Validation, Cross-Validation, and Three Principles for Honest Learning

THE CRUX: Last week's regularisation gave us a family of trained models indexed by $λ$ — but how do we actually pick the right $λ$ ? More broadly: with the regularisation parameter, model class, kernel, and other knobs all unknown, how do we choose between candidate models without the test set we promised never to touch? And once we've answered that — what general principles, beyond specific algorithms, govern whether a learning experiment was honest in the first place?

The two halves of week 11 each answer one. (1) Validation holds out a portion of the training data, trains on the rest, and uses the held-out part to estimate $E_{out}$ for each candidate model. The validation error $E_{val} (g^{-})$ is an unbiased estimate of $E_{out} (g^{-})$ with variance $\leq 1/ (4 K)$ for binary classification — large $K$ shrinks variance but starves the trained model. The standard $K = N /5$ rule splits the difference. After validation picks the winner, retrain on all $N$ examples to produce the final hypothesis. Cross-validation generalises validation to use all the data: leave-one-out trains $N$ times on $N - 1$ examples each, $V$ -fold partitions into $V$ chunks ( $V = 10$ is the practical default). (2) Three meta-principles wrap up the module’s theory. Occam’s Razor: simpler is better, where “simpler” means small VC dimension and “better” means lower $E_{out}$ . Sampling Bias: training data from the wrong distribution → no theorem rescues you. Data Snooping: any influence of the test set on any decision contaminates it. Together they’re the discipline that turns the module’s machinery into honest learning.

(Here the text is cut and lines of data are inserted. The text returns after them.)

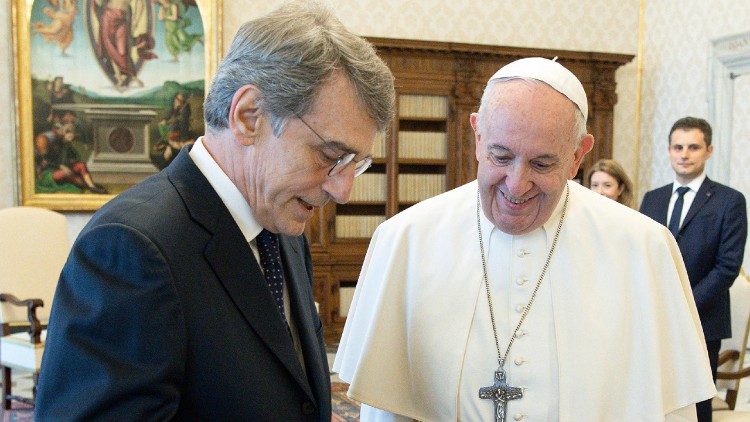 Papa Francisc primind vizita lui David Sassoli, președintele Parlamentului European.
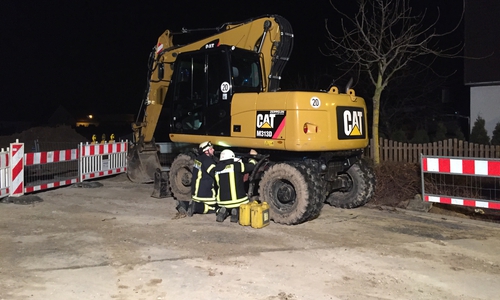 Die Feuerwehr Fümmelse nutzte einen alten und defekten Bagger zu Übungszwecken. Foto: Feuerwehr Fümmelse
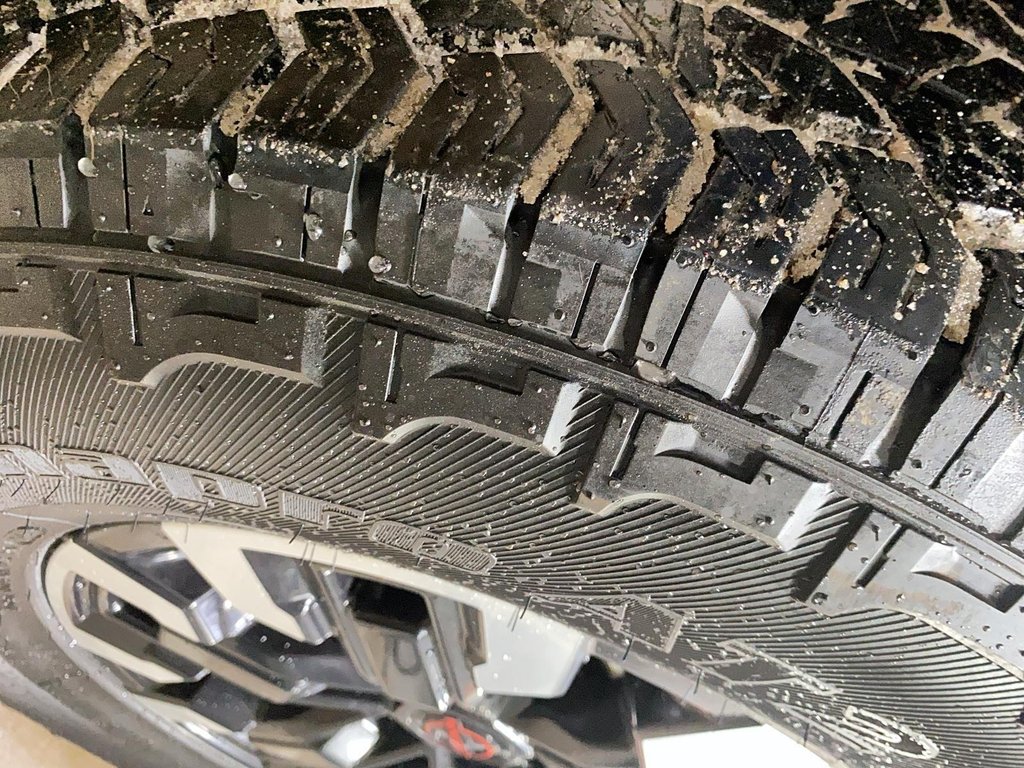 2022 Nissan Frontier in Sept-Îles, Quebec - 18 - w1024h768px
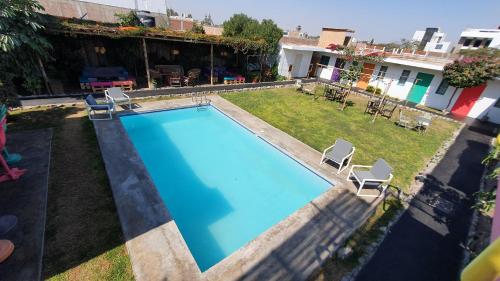 the upcycled hostel huacachina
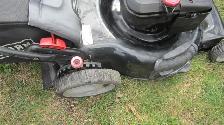 Serviced Lawnmower, trade inns available - Photo 4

Part 1: How Do You Actually Pick $λ$ ?

The Model Selection Problem

Last week we built regularisation: minimise $E_{in} + (λ / N) ∥ w ∥^{2}$ for some choice of $λ$ . But “for some choice of $λ$ ” is doing heavy lifting. The optimal $λ^{*}$ depends on the noise level $σ^{2}$ , target complexity $Q_{f}$ , and sample size $N$ — all of which we don’t observe.

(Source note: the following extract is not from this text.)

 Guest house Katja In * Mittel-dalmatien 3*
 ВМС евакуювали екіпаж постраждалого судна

More generally: we have $M$ candidate models $H_{1}, \dots, H_{M}$ — different hypothesis classes (linear, quadratic, kernel SVM, …), different regularisers, different $λ$ values, different feature transformations. How do we pick?

Three obvious-looking choices, all wrong:

Pick by smallest $E_{in}$ : always selects the most expressive class, since a richer $H$ can always fit training data better. This is overfitting through the back door — minimising $E_{in}$ over $H_{1} \cup \dots \cup H_{M}$ pays the VC cost of the union, and the most complex member always wins.
Pick by smallest $E_{test}$ : would give an unbiased generalisation guarantee with $O (lo g M / N_{test})$ error, but $D_{test}$ is locked in the boss’s safe — using it for selection would be infeasible and cheating.
Pick by intuition / cross-paper folklore: invisible bias accumulates; not a procedure.

Validation: A Held-Out Slice of Training Data

The fix is structural: split $D$ into a training set $D_{train}$ ( $N - K$ examples) and a validation set $D_{val}$ ( $K$ examples). Train on $D_{train}$ to get $g^{-}$ . Then compute

$E_{val} (g^{-}) = \frac{1}{K} \sum_{x_{n} \in D_{val}} e (g^{-} (x_{n}), y_{n}) .$

Three error types now sit on a spectrum:

	Source	Status
$E_{in}$	$D$	Feasible, contaminated (used for training)
$E_{val}$	$D_{val} \subset D$	Feasible, clean (held out before training)
$E_{test}$	$D_{test}$	Infeasible, clean (locked away)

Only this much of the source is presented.